The elemental, primal aspect of noise also means it is irreducible.  Like "music", "noise" is a subset of sound.  These two subsets are generally thought to oppose each other, with music being a pleasing arrangement of sound, and noise being an anarchic and (to varying degrees) annoying occurrence of sound.  They are not, however, totally exclusive of each other: the differences between music and noise have a strong cultural bias, and what is normally considered noise is often included in the arrangements of sound that make up music.  But while music will stretch and change (which is, by the way, the beauty of music), noise remains outside, remains irreducible.  

This whole rant came about because, recently, I've posted my band several different places online, and I've been asked to classify the band each time.  I consider my band, Black Kaspar, a noise band.  Now, you will see "noise" as a qualifier quite often when it comes to current music; I often had the choice of "noise pop", "noise rock", the old standby "industrial noise", and so on.  I, for one, reject noise as a qualifier, because it's nothing more than an attempt to reterretorialize noise, to bring it back into the fold as a musical spice rather than the main course of sound.
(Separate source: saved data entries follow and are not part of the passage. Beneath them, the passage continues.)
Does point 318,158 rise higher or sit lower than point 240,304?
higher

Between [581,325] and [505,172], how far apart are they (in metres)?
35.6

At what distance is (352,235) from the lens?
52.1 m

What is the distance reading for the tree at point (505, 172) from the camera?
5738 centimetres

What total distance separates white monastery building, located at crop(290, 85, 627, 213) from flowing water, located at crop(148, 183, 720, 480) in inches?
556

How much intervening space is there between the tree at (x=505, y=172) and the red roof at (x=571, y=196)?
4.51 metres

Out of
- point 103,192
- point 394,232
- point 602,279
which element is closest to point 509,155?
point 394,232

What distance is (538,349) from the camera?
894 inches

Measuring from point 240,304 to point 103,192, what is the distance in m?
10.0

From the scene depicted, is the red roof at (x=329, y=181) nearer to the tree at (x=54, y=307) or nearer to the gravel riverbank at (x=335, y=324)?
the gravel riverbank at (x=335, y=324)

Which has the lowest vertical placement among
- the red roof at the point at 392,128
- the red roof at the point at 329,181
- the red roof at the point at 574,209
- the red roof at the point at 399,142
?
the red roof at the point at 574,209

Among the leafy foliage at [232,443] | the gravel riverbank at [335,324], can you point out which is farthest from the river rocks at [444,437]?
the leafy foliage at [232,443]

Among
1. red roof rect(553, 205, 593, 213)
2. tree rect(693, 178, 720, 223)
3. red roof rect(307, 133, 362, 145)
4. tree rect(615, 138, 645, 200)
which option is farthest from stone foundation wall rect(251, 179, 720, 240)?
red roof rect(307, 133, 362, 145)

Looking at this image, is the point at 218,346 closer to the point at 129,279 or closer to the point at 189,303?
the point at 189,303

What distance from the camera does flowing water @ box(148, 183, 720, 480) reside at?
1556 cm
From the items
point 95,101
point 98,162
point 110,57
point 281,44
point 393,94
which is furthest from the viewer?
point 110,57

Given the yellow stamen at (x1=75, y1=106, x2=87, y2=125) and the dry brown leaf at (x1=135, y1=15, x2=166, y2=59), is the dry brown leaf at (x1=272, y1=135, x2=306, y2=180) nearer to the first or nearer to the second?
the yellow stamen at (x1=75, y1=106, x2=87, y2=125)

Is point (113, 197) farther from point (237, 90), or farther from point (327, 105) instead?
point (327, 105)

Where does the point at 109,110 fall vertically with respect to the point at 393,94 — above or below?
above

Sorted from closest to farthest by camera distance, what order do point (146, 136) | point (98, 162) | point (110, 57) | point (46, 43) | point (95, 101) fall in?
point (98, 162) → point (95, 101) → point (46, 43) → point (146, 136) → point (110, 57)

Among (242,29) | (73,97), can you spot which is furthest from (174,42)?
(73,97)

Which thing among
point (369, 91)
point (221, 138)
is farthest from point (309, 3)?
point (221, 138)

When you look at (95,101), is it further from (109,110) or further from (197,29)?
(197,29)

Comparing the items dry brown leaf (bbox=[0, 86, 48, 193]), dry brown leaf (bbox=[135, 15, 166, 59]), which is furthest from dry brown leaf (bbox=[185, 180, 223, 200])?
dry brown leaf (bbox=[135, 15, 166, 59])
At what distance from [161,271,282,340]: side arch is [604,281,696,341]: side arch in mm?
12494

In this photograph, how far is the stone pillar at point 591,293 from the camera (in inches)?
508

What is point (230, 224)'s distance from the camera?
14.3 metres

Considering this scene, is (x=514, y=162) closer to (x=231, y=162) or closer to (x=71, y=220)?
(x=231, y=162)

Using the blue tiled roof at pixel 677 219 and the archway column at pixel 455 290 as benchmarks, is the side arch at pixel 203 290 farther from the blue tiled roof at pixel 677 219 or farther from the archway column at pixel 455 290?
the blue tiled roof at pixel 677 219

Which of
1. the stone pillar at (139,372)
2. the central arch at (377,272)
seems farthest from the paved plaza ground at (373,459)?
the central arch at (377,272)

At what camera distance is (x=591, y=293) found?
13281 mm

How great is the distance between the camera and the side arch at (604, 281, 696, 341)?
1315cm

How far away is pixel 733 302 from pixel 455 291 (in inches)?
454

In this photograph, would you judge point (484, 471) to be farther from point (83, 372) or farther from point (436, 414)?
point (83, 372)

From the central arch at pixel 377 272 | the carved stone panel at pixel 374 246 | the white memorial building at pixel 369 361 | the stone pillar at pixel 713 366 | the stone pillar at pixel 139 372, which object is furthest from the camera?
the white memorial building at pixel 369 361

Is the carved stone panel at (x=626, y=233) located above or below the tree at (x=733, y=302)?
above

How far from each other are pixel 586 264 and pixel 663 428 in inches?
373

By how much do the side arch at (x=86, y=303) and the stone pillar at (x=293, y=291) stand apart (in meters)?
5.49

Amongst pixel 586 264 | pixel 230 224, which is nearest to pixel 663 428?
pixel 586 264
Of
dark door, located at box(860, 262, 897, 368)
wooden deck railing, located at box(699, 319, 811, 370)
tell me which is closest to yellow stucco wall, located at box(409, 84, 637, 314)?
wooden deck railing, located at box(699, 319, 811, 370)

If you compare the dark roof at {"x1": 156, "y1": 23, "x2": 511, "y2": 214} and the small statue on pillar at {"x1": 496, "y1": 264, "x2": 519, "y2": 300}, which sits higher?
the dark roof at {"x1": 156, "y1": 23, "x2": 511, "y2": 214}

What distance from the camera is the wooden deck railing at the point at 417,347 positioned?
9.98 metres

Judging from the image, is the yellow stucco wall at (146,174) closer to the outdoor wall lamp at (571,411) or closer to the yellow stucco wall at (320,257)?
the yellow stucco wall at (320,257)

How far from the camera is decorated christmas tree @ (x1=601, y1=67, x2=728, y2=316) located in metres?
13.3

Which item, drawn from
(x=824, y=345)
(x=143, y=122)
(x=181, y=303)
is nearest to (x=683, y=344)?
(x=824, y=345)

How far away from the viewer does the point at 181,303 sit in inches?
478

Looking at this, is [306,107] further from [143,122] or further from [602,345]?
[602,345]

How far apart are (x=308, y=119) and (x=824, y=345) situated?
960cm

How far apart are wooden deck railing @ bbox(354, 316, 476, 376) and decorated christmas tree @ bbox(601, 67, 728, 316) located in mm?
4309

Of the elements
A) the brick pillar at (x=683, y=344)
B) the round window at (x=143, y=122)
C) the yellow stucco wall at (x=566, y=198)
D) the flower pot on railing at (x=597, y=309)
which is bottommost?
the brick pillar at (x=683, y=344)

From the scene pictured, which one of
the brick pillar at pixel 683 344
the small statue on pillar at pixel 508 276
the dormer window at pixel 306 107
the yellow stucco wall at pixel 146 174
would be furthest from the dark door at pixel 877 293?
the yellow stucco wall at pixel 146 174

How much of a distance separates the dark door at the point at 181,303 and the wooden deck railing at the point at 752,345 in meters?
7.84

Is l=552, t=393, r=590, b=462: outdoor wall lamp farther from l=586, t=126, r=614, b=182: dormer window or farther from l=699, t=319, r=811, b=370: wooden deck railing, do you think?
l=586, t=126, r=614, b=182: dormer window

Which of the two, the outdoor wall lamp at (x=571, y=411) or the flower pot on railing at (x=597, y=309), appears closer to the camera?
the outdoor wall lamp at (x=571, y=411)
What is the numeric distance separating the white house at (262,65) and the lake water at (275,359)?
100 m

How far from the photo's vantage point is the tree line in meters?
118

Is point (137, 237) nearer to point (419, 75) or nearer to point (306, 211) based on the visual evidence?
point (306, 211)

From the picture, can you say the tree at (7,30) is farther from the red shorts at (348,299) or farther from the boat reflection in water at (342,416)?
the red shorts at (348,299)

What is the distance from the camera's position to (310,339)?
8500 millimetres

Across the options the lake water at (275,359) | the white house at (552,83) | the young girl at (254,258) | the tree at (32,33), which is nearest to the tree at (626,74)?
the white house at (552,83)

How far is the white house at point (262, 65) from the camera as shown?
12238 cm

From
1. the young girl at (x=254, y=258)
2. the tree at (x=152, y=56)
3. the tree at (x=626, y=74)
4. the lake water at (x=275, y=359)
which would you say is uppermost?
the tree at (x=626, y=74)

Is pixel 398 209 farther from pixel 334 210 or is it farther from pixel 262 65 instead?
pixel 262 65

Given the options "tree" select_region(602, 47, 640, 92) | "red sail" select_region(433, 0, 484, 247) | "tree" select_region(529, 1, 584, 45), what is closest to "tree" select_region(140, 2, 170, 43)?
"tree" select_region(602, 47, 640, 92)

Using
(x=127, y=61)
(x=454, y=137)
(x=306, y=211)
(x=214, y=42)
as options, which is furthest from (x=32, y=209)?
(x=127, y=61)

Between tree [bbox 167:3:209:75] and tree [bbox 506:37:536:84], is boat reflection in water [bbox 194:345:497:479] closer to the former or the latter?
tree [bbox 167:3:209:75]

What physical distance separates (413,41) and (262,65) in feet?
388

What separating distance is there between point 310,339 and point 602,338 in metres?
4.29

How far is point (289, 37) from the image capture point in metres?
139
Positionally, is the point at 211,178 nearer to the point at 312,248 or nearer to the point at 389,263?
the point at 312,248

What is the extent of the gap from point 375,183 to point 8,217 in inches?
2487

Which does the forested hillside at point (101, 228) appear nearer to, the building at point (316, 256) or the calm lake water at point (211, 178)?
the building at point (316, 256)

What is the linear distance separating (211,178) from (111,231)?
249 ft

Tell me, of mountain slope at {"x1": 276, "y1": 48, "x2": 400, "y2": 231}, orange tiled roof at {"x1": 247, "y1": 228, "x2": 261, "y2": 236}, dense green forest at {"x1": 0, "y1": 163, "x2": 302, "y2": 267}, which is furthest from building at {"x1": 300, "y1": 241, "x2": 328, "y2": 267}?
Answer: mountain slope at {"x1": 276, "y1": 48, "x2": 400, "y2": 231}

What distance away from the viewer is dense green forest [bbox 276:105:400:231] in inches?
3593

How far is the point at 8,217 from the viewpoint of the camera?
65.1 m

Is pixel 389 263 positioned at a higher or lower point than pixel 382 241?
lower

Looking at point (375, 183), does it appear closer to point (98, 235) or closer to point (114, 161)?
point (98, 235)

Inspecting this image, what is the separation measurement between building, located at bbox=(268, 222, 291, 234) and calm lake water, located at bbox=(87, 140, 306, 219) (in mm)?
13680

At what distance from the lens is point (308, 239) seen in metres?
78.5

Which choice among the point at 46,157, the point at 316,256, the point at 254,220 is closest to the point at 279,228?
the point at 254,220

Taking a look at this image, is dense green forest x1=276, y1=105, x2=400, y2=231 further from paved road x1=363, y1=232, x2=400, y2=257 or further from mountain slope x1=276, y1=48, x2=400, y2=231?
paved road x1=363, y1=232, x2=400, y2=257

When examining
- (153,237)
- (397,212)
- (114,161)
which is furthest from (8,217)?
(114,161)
Now, it's not the mainstream that is trying to reclaim noise, not by a longshot.  It's the outsiders that crave acceptance, that crave recognition on some level no matter how small, that crave to cleave back to the hierarchy.  It seems that an artist always wants to claim to be special, and there is nothing special about noise; one makes noise accidentally as soon as your feet hit the floor when you get out of bed in the morning.  The artist always seems to need to claim a space for himself that is his own, so for him, "noise" is just too pedestrian, too normal, too . . . unmusical.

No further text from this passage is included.